*What you will do*
After locating the line that contains "Used 2025 Hyundai Tucson SE image 6", transcribe exactly that line and each one after it until the data ends, skipping pictures.

Dataset section below:

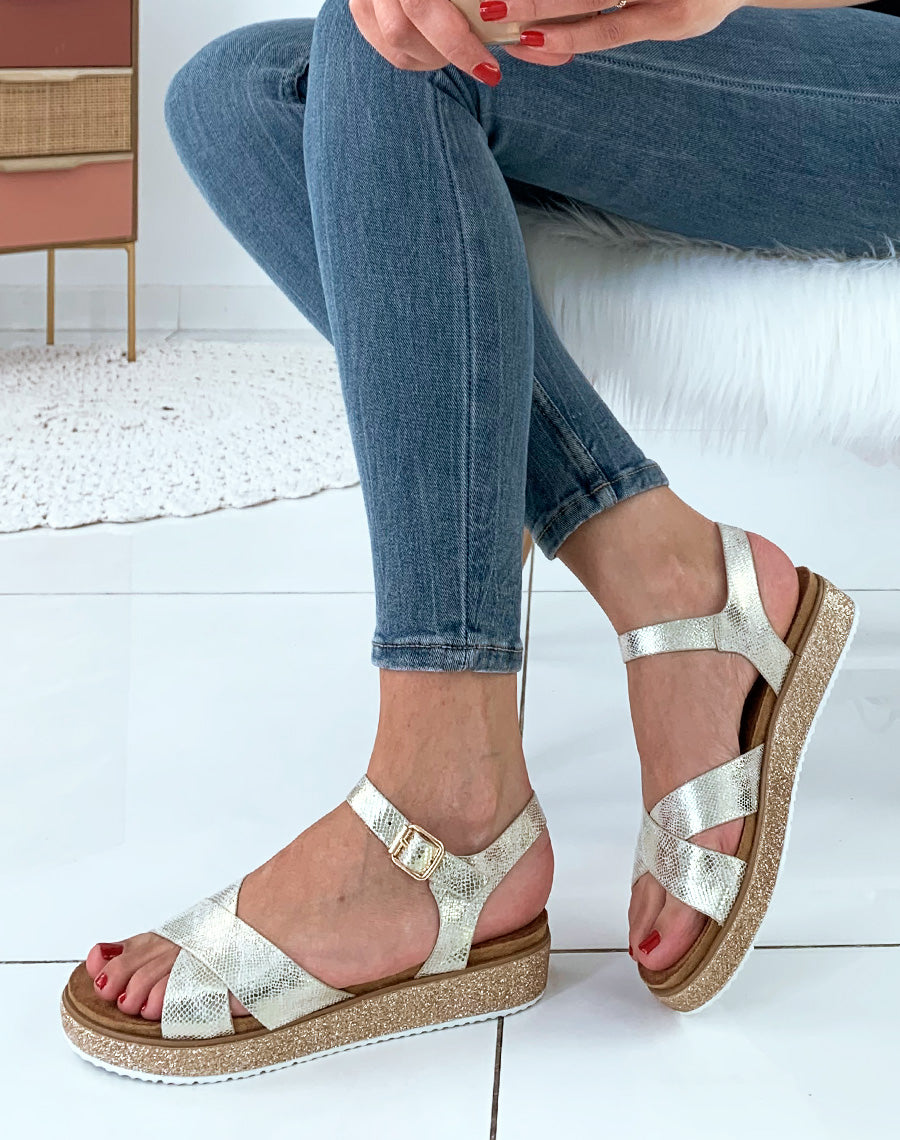 Nu-pieds dorées peau de serpent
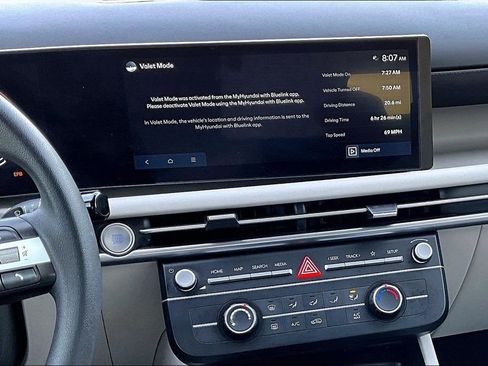 Used 2025 Hyundai Tucson SE image 6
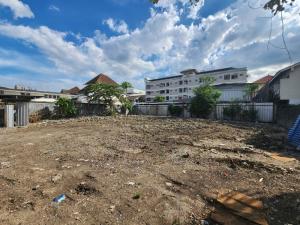 For SaleLandOnnut, Udomsuk : 🔥Urgent land for sale🔥Land 97 sq m. Soi Phongwet Anusorn 1 (Sukhumvit 64), suitable for building a residence and warehouse.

End of Dataset section.

*Output*
 Used 2025 Hyundai Tucson SE image 6
 For SaleLandOnnut, Udomsuk : 🔥Urgent land for sale🔥Land 97 sq m. Soi Phongwet Anusorn 1 (Sukhumvit 64), suitable for building a residence and warehouse.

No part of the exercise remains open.